The only explanation I could find to justify the appearance of the toll-house phenomenon was detected in the Egyptian Book of the Dead, to which we also owe the origins of the evil eye, in the vignettes depicting the eye of Horus, a powerful symbol warding off evil and bestowing protection, worn as an amulet, or painted of old on the ships’ bows sailing in the Mediterranean, keeping at bay malevolent spirits. According to this funeral book the spirit of the deceased had to go through a series of gates and other obstacles, guarded by supernatural creatures with ghastly names, (He who lives on snakes, He who dances in blood), human figures with animal heads, equipped with harrowing swords. The deceased were required to give an account of their deeds, while their heart was weighed in a balance against a feather, and if the scales balanced, and the answers were satisfactory, they were released to the afterlife; if not, they were devoured by slaying divinities on behalf of Osiris, the god of the dead. It is indicative of the debt owed to this Egyptian Book of the Dead regarding the development of the belief in tollbooths the fact that the only detailed description of these horrors is ascribed to saint Makarios of Egypt, who must had been familiar with the post-mortem beliefs of the Egyptians.

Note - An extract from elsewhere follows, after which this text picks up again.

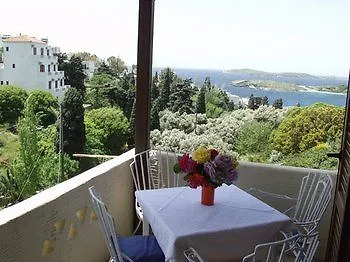 Rena Hotel apartamentowy Batsi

Putting aside questions as to how these pagan notions of vindictive retribution and lex talionis type of morality based on retaliation found their way into the Christian belief in the grace of our Lord Jesus Christ, in the love of God the Father, and in the communion of the Holy Spirit, we are left wondering about the mindset that channels these horrendous ideas of salvation in the Orthodox framework of redemption, which can only be understood through Christ’s loving sacrifice on the Cross. Who, in his or her quest for salvation, can find consolation in this spirituality of terror that instils fear and trembling on the poor soul preparing to depart from this world? What sort of pastoral guidance does a so-called charismatic class of spiritual fathers and mothers provide by resorting to this menace that can only produce a deranged, theophobic, sadistic spirituality? How many tollbooths and gates of terror the thief on the Cross had to pass through before gaining admittance to Paradise? As long as Orthodoxy succumbs to the terrorism exerted by this kind of pastoral ‘spirituality’, there is no hope in recovering the authentic spirit of our tradition, nurtured by the judgment of God, which is His love and mercy to all repentant sinners, irrespective of tollbooths and other instruments of transcendental ordeal favoured by some spiritual guides adept at preserving their reign of terror.